St George’s Hospital
This week I have the amazing opportunity to shadow a cardiothoracic consultant and so I will document all of the exciting things I see! Day 1 was spent at St George’s Hospital, and after seeing outpatients in the morning, I had the amazing opportunity to witness a Coronary artery bypass surgery! The coronary artery bypass surgery I witnessed was performed on someone who suffered from Coronary artery disease , which is a condition involving the clogging of arteries that bring blood to the heart muscle caused by fatty deposits on the inner walls of the arteries. The main factors which contribute to coronary artery disease are:
- High blood pressure
- High cholesterol
- Diabetes or insulin resistance
- Sedentary lifestyle
- Family history
- High blood pressure
- High blood cholesterol levels
- Overweight or obesity
- Physical inactivity
- High stress
- Unhealthy diet
A doctor will diagnose coronary artery disease from symptoms and tests such as performing a physical examination, blood tests, an exercise stress test, a cardiac nuclear scan, and cardiac catheterization. Any of these tests will play an important part in deciding whether or not bypass surgery will be needed. It is a fairly low-risk procedure. For someone who has a normal functioning heart, non-emergency bypass surgery carries a risk of death of 1% or less. There is a 5% chance of a heart attack during surgery. The risk from surgery is a bit higher if someone has had other cardiovascular problems. About 90% of people who undergo the surgery experience complete or dramatic relief of their symptoms.

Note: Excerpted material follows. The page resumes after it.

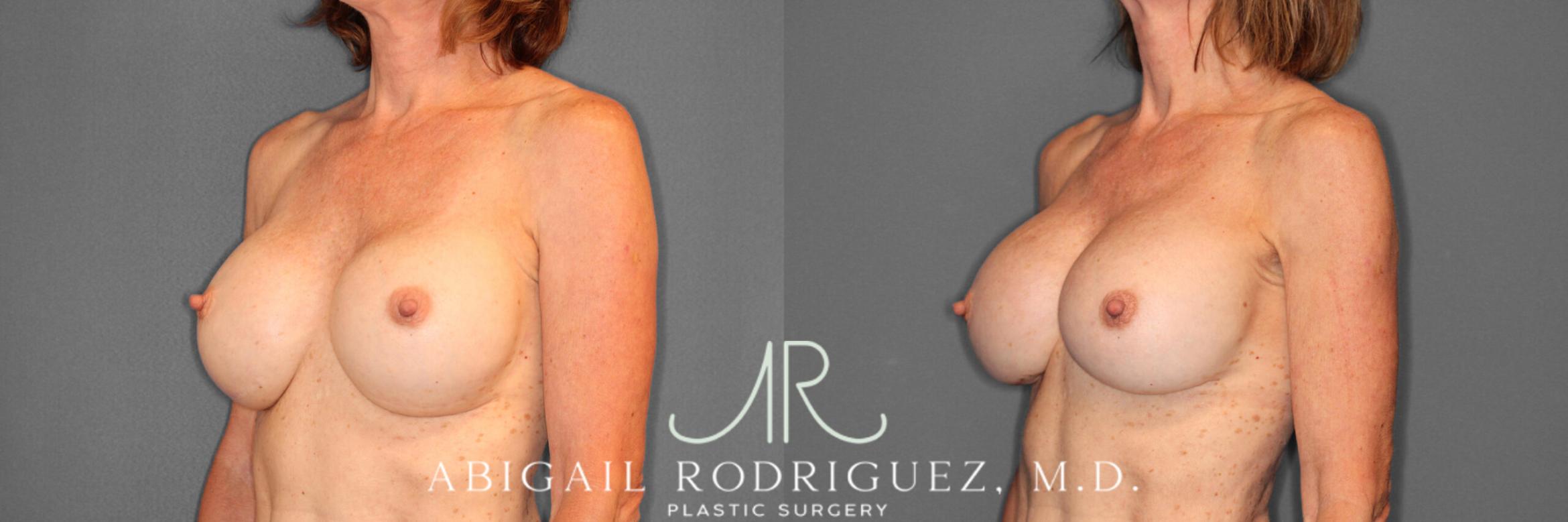 Before & After Breast Revision Case 254015 View 2 View in Houston, TX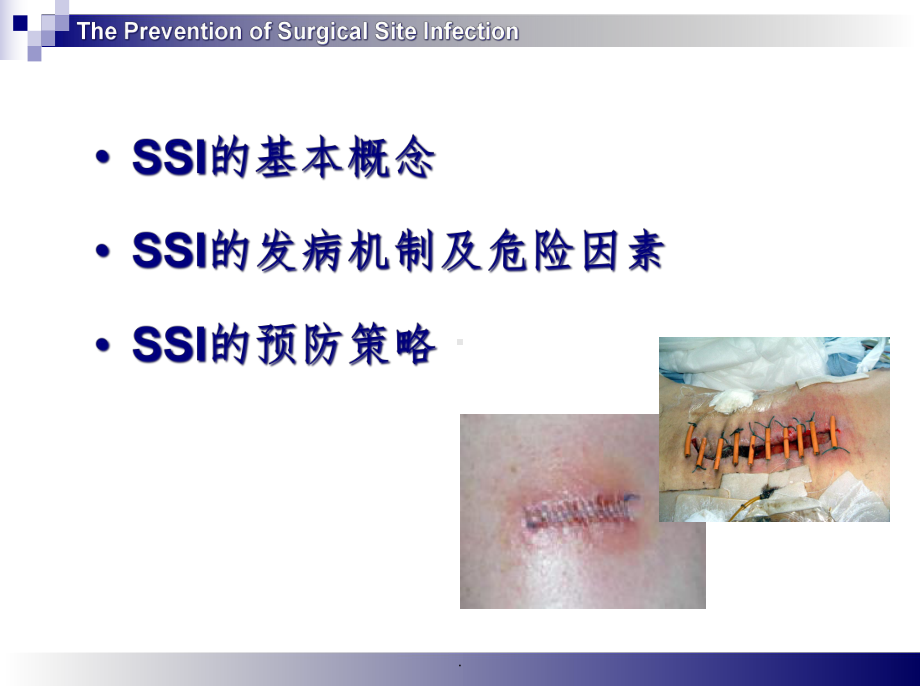 手术部位感染预防与控制新课件-2.ppt_第2页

- Coronary artery bypass surgery is an open-heart procedure. The patient was placed under general anesthetic and the surgeon began the operation by making an incision down the centre of the chest, then dividing and separating the sternum. Tubes were then attached to the heart and connected to a heart-lung machine that keeps the blood supplied with oxygen, and the blood was pumped from the heart to the machine and back to the body to be circulated again. Blood pressure, temperature, and breathing were all able to be regulated throughout the whole procedure.
- The surgeon then clamped the aorta, and he then sewed 4 veins taken from the legs to join the aorta to the coronary artery, bypassing the blocked part of the coronary artery to allow blood carrying oxygen to reach the heart.
- When the grafting finished, the patient was taken off the heart-lung machine, and the surgeon rejoined the breastbone with stainless steel wires.
The operation I saw lasted 4 hours, and an average operation lasts from 3 to 6 hours. After surgery, all patients will need to continue taking medications that decrease the work of the heart and reduce the risk of future heart attacks. More than 80% still work 10 years after the surgery. Vein grafts more often become obstructed. After 5 years, one-quarter of any vein grafts may be clogged. New techniques of bypass surgery may be used in some cases, such as the “beating-heart” technique which does not use the heart-lung machine setup but still needs to be done through the incision in the middle of the chest. Bypasses are sewn directly onto the heart without stopping the heart which means that the risk of complications from the heart-lung machine is lower.